- **Exercise requirements**
In the material below, the line holding "Imagen de la" and every line after it should be reproduced exactly, please, with pictures omitted.

(Information supplied begins)

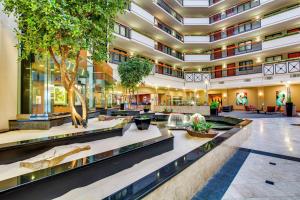 an office building with a large lobby with trees at Embassy Suites by Hilton Louisville East in Louisville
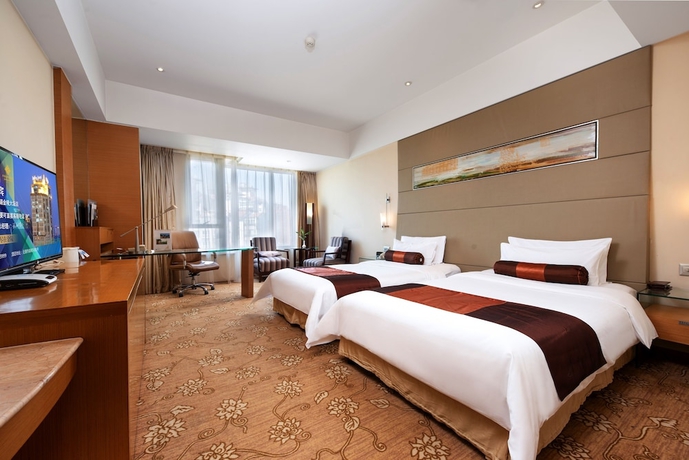 Imagen de la habitación del Hotel Jinling Wuxi. Foto 9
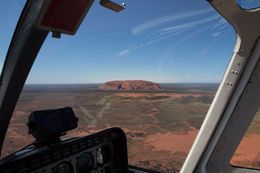 Photo of Uluru from 2500 feet This is how we were introduced to Uluru - a wonder on the middle distance as we flew in from Ayres Rock airport - the pilot positioning our helicopter to give all a great view. , Catherine E - February 2015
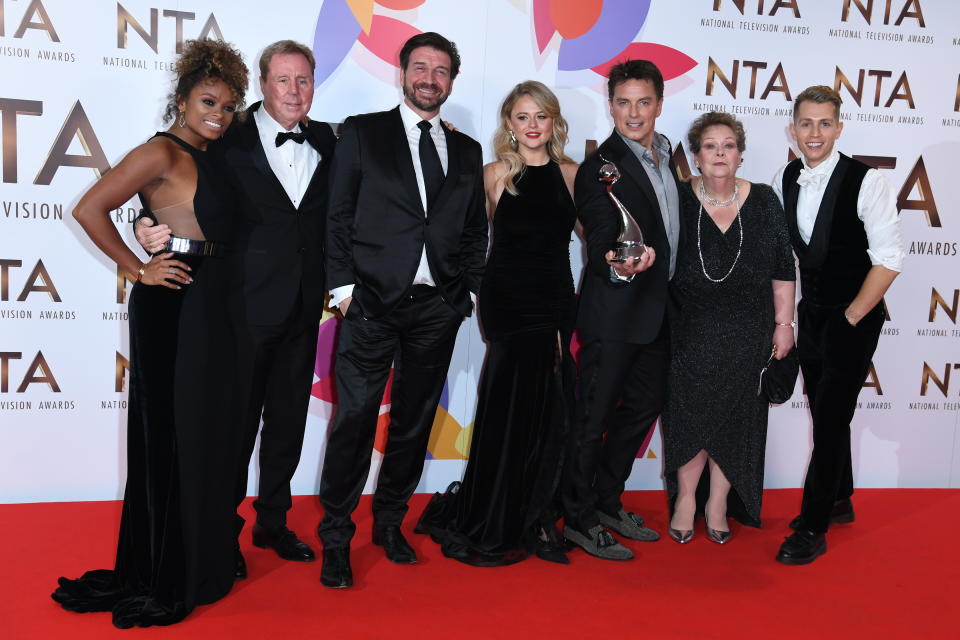 Fleur East, Harry Redknapp, Nick Knowles, Emily Atack, John Barrowman, Anne Hegerty, James McVey, and Scarlett Moffatt with the Bruce Forsyth award for Entertainment in the Press Room at the National Television Awards 2019 held at the O2 Arena, London. Photo credit should read: Doug Peters/EMPICS
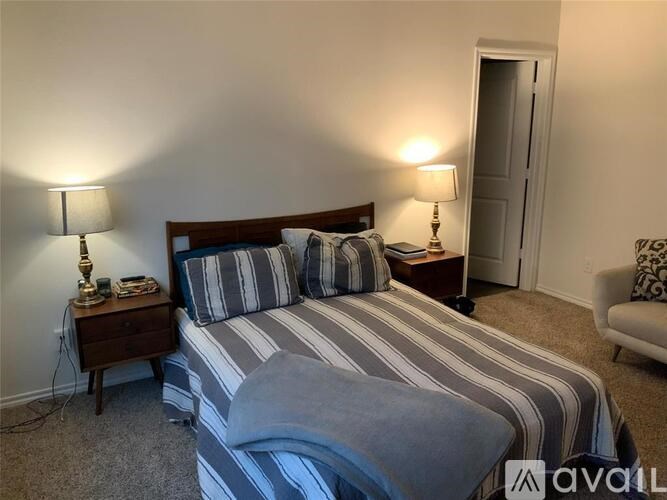 A bedroom with a bed, nightstand, and lamp.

(Information supplied ends)

- **Result**
 Imagen de la habitación del Hotel Jinling Wuxi. Foto 9
 Photo of Uluru from 2500 feet This is how we were introduced to Uluru - a wonder on the middle distance as we flew in from Ayres Rock airport - the pilot positioning our helicopter to give all a great view. , Catherine E - February 2015
 Fleur East, Harry Redknapp, Nick Knowles, Emily Atack, John Barrowman, Anne Hegerty, James McVey, and Scarlett Moffatt with the Bruce Forsyth award for Entertainment in the Press Room at the National Television Awards 2019 held at the O2 Arena, London. Photo credit should read: Doug Peters/EMPICS
 A bedroom with a bed, nightstand, and lamp.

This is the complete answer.